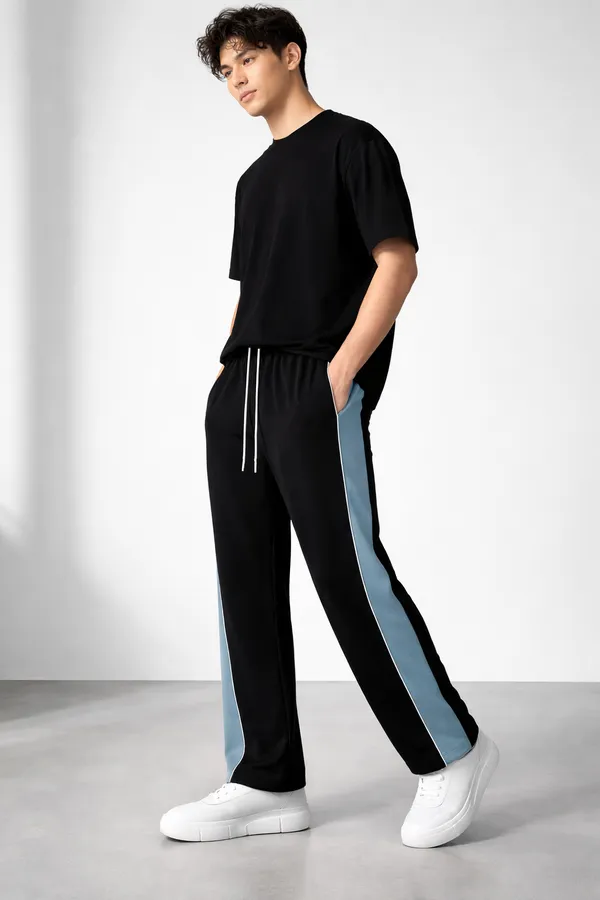 Black_Relaxed_Fit_Tracksuit_Set_For_Men
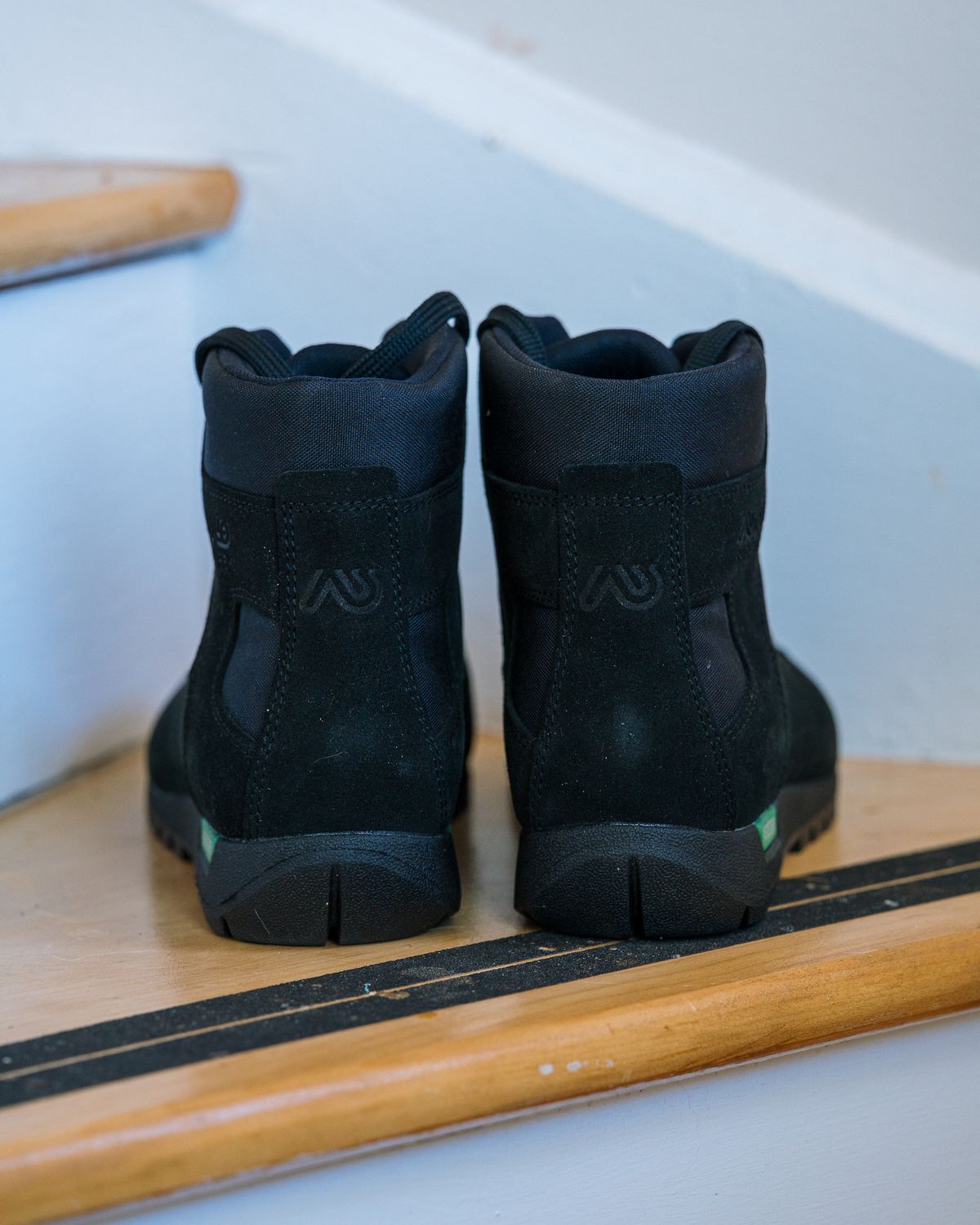 Photo by amvoith on April 17, 2025 of the Asolo Supertrek in Water Resistant Suede & Gor-Tex.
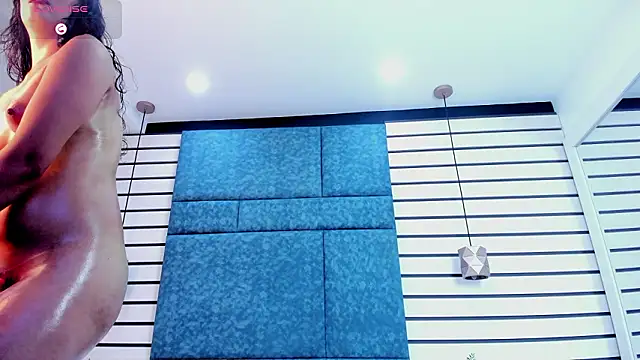 SilvanaDuran's cam snapshot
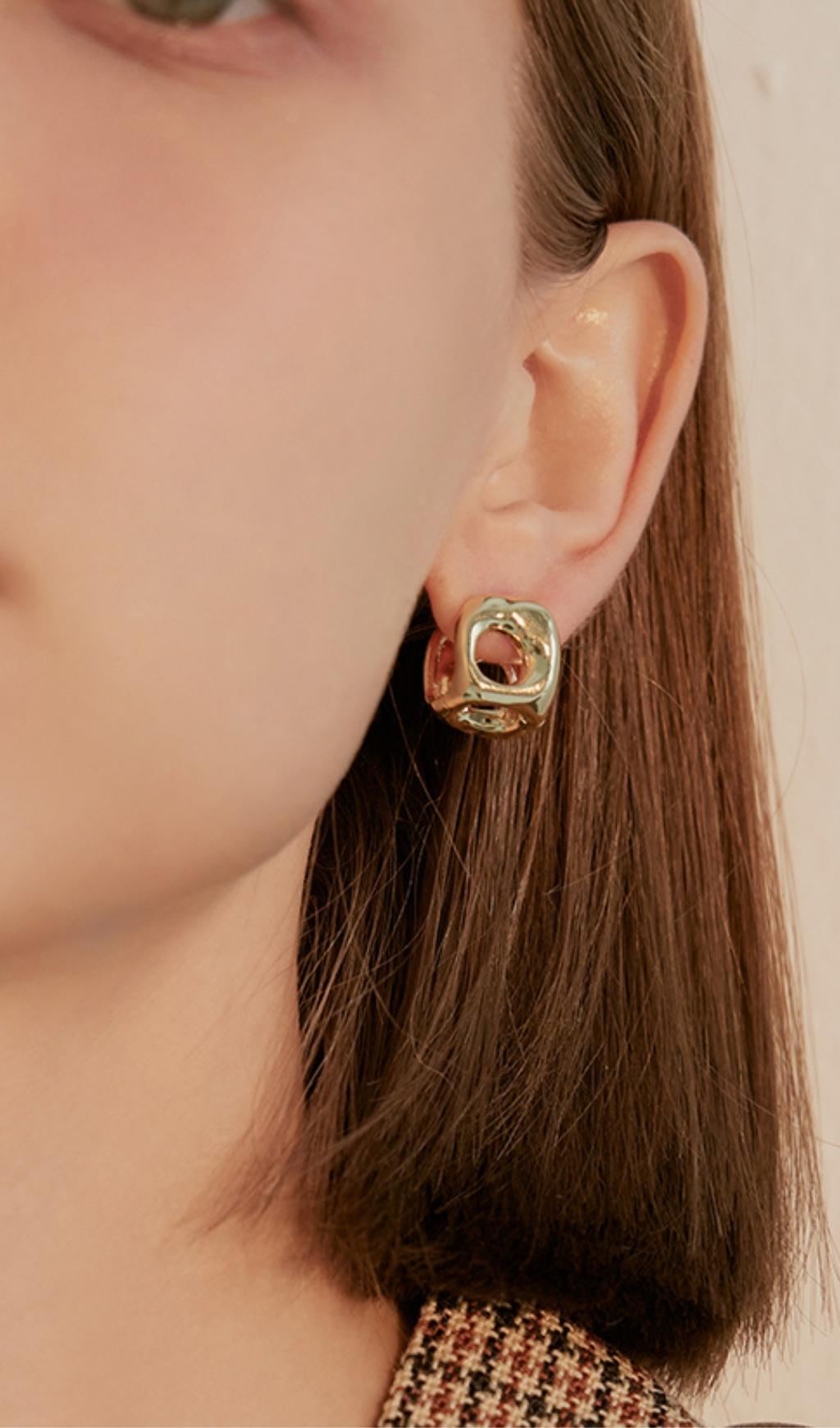 METALLIC SQUARE STUD EARRINGS FOR PARTY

+ + +

Everything in the listing except the pictures must be reproduced exactly.

 Black_Relaxed_Fit_Tracksuit_Set_For_Men
 Photo by amvoith on April 17, 2025 of the Asolo Supertrek in Water Resistant Suede & Gor-Tex.
 SilvanaDuran's cam snapshot
 METALLIC SQUARE STUD EARRINGS FOR PARTY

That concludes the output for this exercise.